1. Disyariatkan untuk menjadikan tempat tertentu di dalam rumah sebagai mushalla (tempat shalat).

Disyariatkan untuk menjadikan tempat di dalam rumah sebagai tempat untuk menegakkan shalat padanya. Ibnu Rajab rahimahullah berkata, “Adalah kebiasaan para salaf menjadikan di rumah-rumah mereka tempat-tempat yang diperuntukkan mengerjakan shalat padanya.” Dan tidaklah tempat yang dikhususkan sebagai tempat shalat tersebut berlaku padanya hukum-hukum yang berkaitan seputar masjid sedikit pun, seperti tidak diharuskan niat waqaf, tidak disyariatkan shalat tahiyyatul masjid padanya dan tidak diharamkan atas wanita yang sedang haidl dan nifas.

Dan hikmah adanya tempat shalat di rumah, yaitu agar kaum lelaki bisa mengerjakan shalat sunnah padanya. Dan penghuni rumah dari kalangan kaum wanita bisa mengerjakan shalat fardlu dan nafilah di tempat itu, serta seseorang yang memiliki udzur sakit dari kalangan laki-laki.

Dan sebagian ahlul ilmi menyebutkan disunnahkannya untuk memberi wewangian dan menjaga kebersihannya. Sebagaimana dalam hadits ‘Aisyah radliyallahu ‘anha berkata, “Rasullullah shallallahu ‘alaihi wasallam memerintahkan untuk membuat tempat-tempat shalat di rumah, membersihkannya dan memberinya wewangian.” HR Ahmad, Abu Dawud dan Ibnu Majah.

2. Adzan dan iqamah di rumah

Adzan dan iqamah hukumnya fardlu kifayah. Apabila telah dikumandangkan adzan di masjid, maka telah mencukupi untuk adzan di kampung tersebut. Sehingga barangsiapa yang shalat di rumahnya karena suatu udzur seperti sakit dan yang semisalnya, atau seorang yang terlewatkan dari shalat berjamaah di masjid, maka cukup baginya mengumandangkan iqamah dan mengerjakan shalat setelahnya. Dan barangsiapa yang mengerjakan shalat tanpa mengumandangkan iqamah maka shalatnya tetap sah, namun yang afdhal hendaknya mengumandangkan iqamah. Al Lajnah ad Daimah menyebutkan, “Disyariatkan iqamah sebelum shalat walaupun orang yang mengerjakan shalat tersebut sendirian. Akan tetapi apabila engkau mengerjakan shalat tanpa iqamah, shalatmu tetap sah dan engkau tidak perlu mengulangi shalatmu.”

Adapun para wanita, tidak disyariatkan bagi mereka adzan dan iqamah.

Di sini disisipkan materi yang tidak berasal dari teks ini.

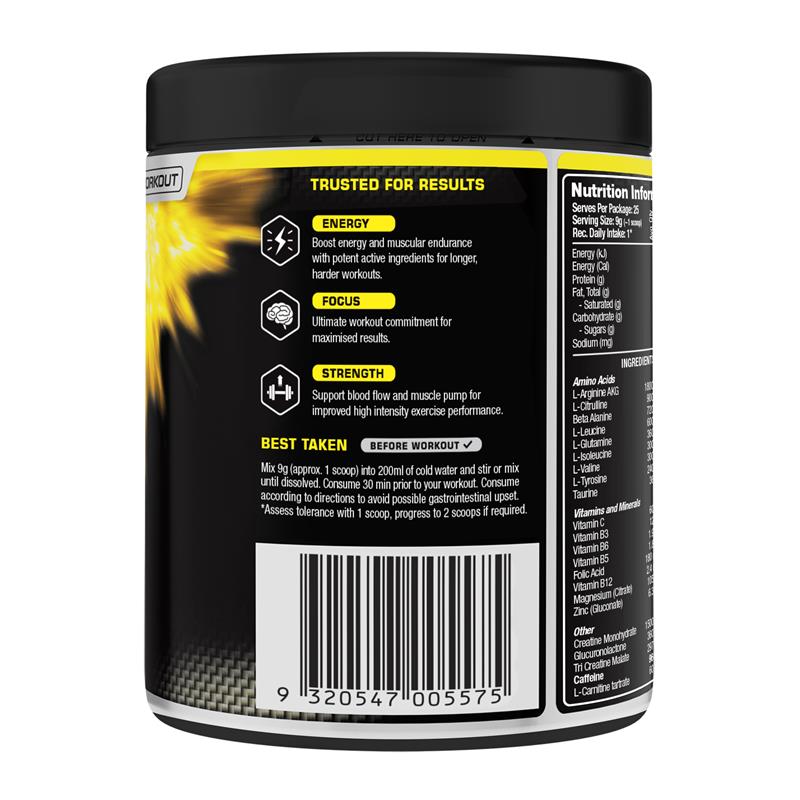 Load image into Gallery viewer, Vital Strength Pre Workout Powder Nuclear Grape 225g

Ibnu Qudamah rahimahullah berkata, “Aku tidak mengetahui ada khilaf padanya.”
Dan termasuk kesalahan, bahwa sebagian manusia meyakini bahwa wajib atas mereka sebelum berbuka puasa di bulan Ramadhan, untuk mengumandangkan adzan di rumahnya, padahal dia bertetangga dengan masjid. Sebagian mereka mengumandangkan adzan ketika turun hujan atau ketika datang suatu wabah penyakit, serta mngucapkan di adzannya “shallu fi buyutikum” (shalatlah kalian di rumah-rumah kalian). Hal ini, hanya disyariatkan bagi para mudzin di masjid-masjid ketika mereka mengumandangkan adzan untuk mengucapkan hal ini.

3. Kapan muadzin mengucapkan “shallu fi buyutikum”? Dan bagaimana cara menjawabnya ketika seseorang mendengarnya?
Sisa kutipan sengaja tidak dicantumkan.